In [None]:
global global_dict
global_dict={} # # Loading data with ef and eg labels at default


def set_value(name, value):
    global_dict[name]=value


def get_value(name, defValue=None):
    try:

        return global_dict[name]
    except KeyError:
        return defValue

def get_keys():
    if '_global_dict' in globals().keys():
        return global_dict.keys()
    else:
        return None


In [3]:

set_value('task', 'ef')  # loading dataset with 'ef' and 'eg'.
import matplotlib.pyplot as plt
import torch
from utils.registry import registry, setup_imports
from trainer_heanet import load_mp_data, transform
from sklearn.metrics import r2_score, mean_absolute_error
import seaborn as sns
import os
from scipy import stats
from trainer_heanet_mtl import validate_model, evaluate


device = torch.device(device='cuda' if torch.cuda.is_available() else 'cpu')


def load_model(model_name, hidden_channels=128, n_filters=64, n_interactions=3,
               n_gaussians=50, cutoff=10, num_tasks=2, tower_h1=128,
               tower_h2=64):
    """
    load the trained ML models given the model_name.
    It should be noted that the hyper parameters are assigned according to the specific trained hyper parameters.

    args:
        model_name: str. the name of the trained model.
        For example: './saved_models/ms_type0_300.pt'
    """
    # load the ML model.
    setup_imports()
    device = torch.device(device='cuda' if torch.cuda.is_available() else 'cpu')
    model = registry.get_model('heanet'
                               )(hidden_channels=hidden_channels,
                                 num_filters=n_filters,
                                 num_interactions=n_interactions,
                                 num_gaussians=n_gaussians,
                                 cutoff=cutoff,
                                 readout='add',
                                 dipole=False, mean=None, std=None,
                                 atomref=None, num_tasks=num_tasks,
                                 tower_h1=tower_h1,
                                 tower_h2=tower_h2)
    # load parameters of trained model
    model_state = torch.load(model_name, map_location=device)
    model.load_state_dict(model_state)
    model.to(device)
    return model


train_loader, validate_loader, test_loader = load_mp_data(is_validate=True)



ModuleNotFoundError: No module named 'HEA_project'

In [None]:
class ModelPrediction(object):
    """ Assign the parameters for model and datasets.

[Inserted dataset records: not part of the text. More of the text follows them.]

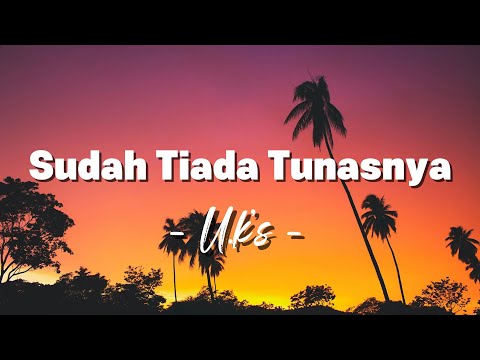 Ukays - Sudah Tiada Tunasnya ( Lagu Lyrics )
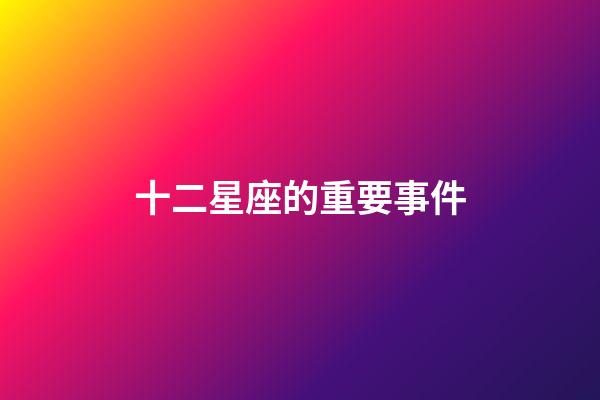 十二星座的重要事件-第1張-星座運勢-玄機派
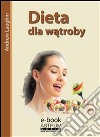 Dieta dla watroby. E-book. Formato EPUB ebook di Andrew Laughin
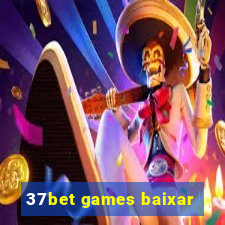 37bet games baixar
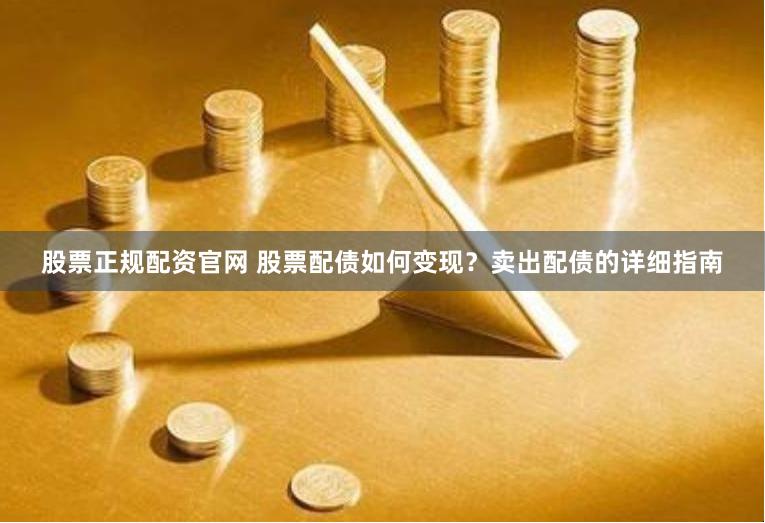 股票正规配资官网 股票配债如何变现？卖出配债的详细指南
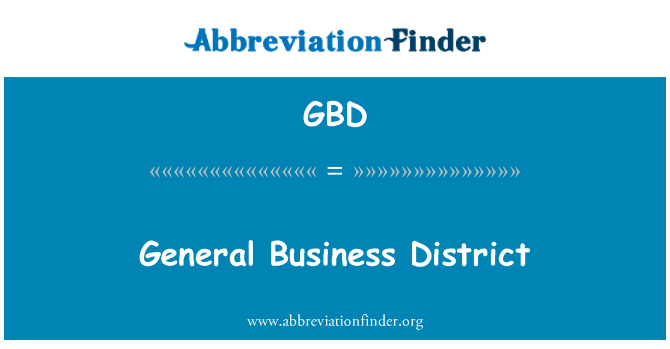 GBD: General Business District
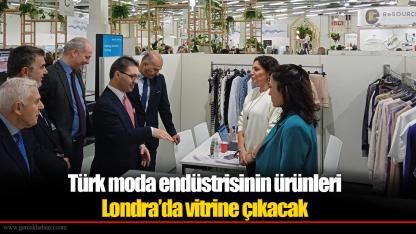 Türk moda endüstrisinin ürünleri Londra’da vitrine çıkacak
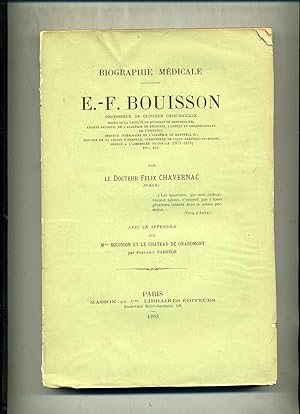 E.-F. BOUISSON Professeur de Clinique Chirurgicale. Avec un appendice sur Mme BOUISSON et le Chât...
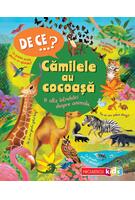 De ce&hellip;? Cămilele au cocoaşă şi alte &icirc;ntrebări despre animale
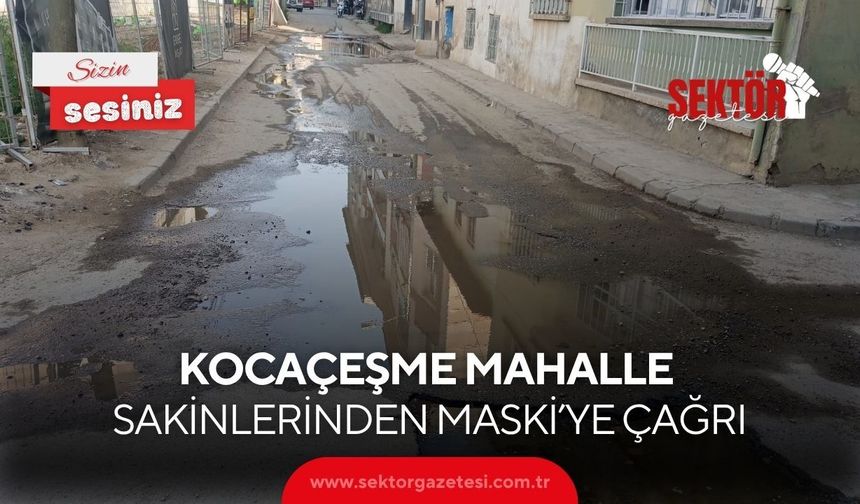 Kocaçeşme Mahalle sakinlerinden MASKİ’ye çağrı... MASKİ'den açıklama geldi !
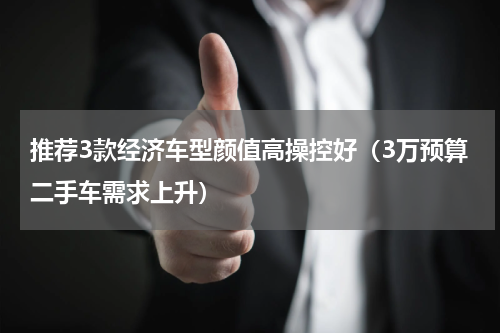 推荐3款经济车型颜值高操控好（3万预算二手车需求上升）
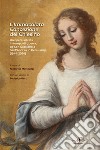 L'Immacolata Concezione del Chiesino. Un'opera salvata in tempo di guerra, da San Casciano a Sant'Andrea in Percussina (1944-2024) libro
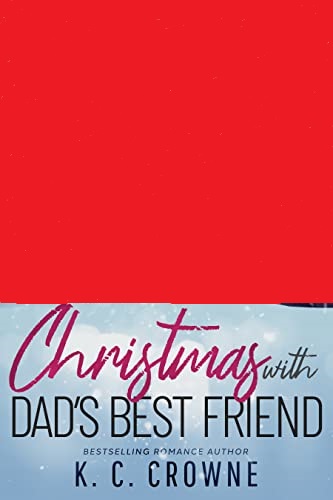 Christmas with Dad's Best Friend by K.C. Crowne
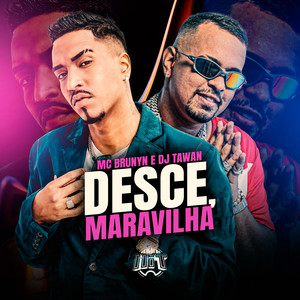 Desce, Maravilha (Explicit)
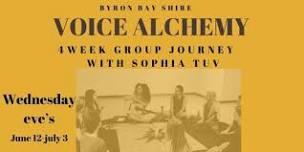 VOICE ALCHEMY - 4 WEEK GROUP JOURNEY- EVENING SESSION - BYRON BAY INDUSTRIAL - JUNE 12-JULY3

    When tasks come from Multi-target learning model, it should be a list including str, such as ['ef', 'eg'].
    At the same time, the transforms should be like ['scaling', 'scaling']
    """
    def __init__(self, model_name, tasks=None, transforms=None,
                 hidden_channels=128, n_filters=64, n_interactions=3,
                 n_gaussians=50, cutoff=10):
        if transforms is None:
            transforms = ['scaling', 'scaling']
        if tasks is None:
            tasks = ['ef', 'eg']
        self.model_name = model_name
        self.tasks = tasks
        self.transforms = transforms
        self.hidden_channels = hidden_channels
        self.n_filters=n_filters
        self.n_interactions=n_interactions
        self.n_gaussians = n_gaussians
        self.cutoff=cutoff

    def obtain_predictions_from_mtl(self):
        model = load_model(self.model_name, hidden_channels=self.hidden_channels,
                           n_filters=self.n_filters, n_interactions=self.n_interactions,
                           n_gaussians=self.n_gaussians, cutoff=self.cutoff)
        out_pred, out_true = validate_model(model, test_loader, tasks=self.tasks,
                                            transforms=self.transforms)
        score = evaluate(out_pred, out_true)
        print('mae in the test set is {}'.format(score))
        return out_true, out_pred


def obtain_predictions(model_name, task='ef'):
    """
    This function is similar to the test function. It uses the trained model to predict the data.
    So, it needs to initialize the model at first. Then, parameters are loaded into the ML model.
    :param
        model_name: 'str', the ML model name, like  './saved_models_lin_256/k_mp_log_500.pt'.
        task: 'str'. The target predictioin.
    :return:
        y_true: ndarray.
        y_pred: ndarray.
    """
    model = load_model(model_name)
    model.eval()  # freeze the dropout and BN layer
    y_pred = []
    y_true = []
    with torch.no_grad():
        end_time = 0
        # for batch in train_loader:
        for batch in test_loader:
            batch.to(device)
            out = model(batch.atomic_numbers.long(), batch.pos, batch=batch)
            # It does not change the variable at default
            # However, we directly compare the log-form data to compare with previous paper.
            if task == 'k' or task == 'g':
                y_label = transform('log', batch.__getitem__(task), forward=True)
            else:
                y_label = batch.__getitem__(task)
            y_true.append(y_label)
            # It should scale into the raw range due to the prediction enlarge the original data in case of scaling.
            # However, we directly compare the log-form data to compare with previous paper.
            if task == 'ef' or task == 'eg':
                out = transform('scaling', out, forward=False)
            y_pred.append(out)

    y_true = torch.cat(y_true, dim=0).detach().cpu().numpy()
    y_pred = torch.cat(y_pred, dim=0).detach().cpu().numpy()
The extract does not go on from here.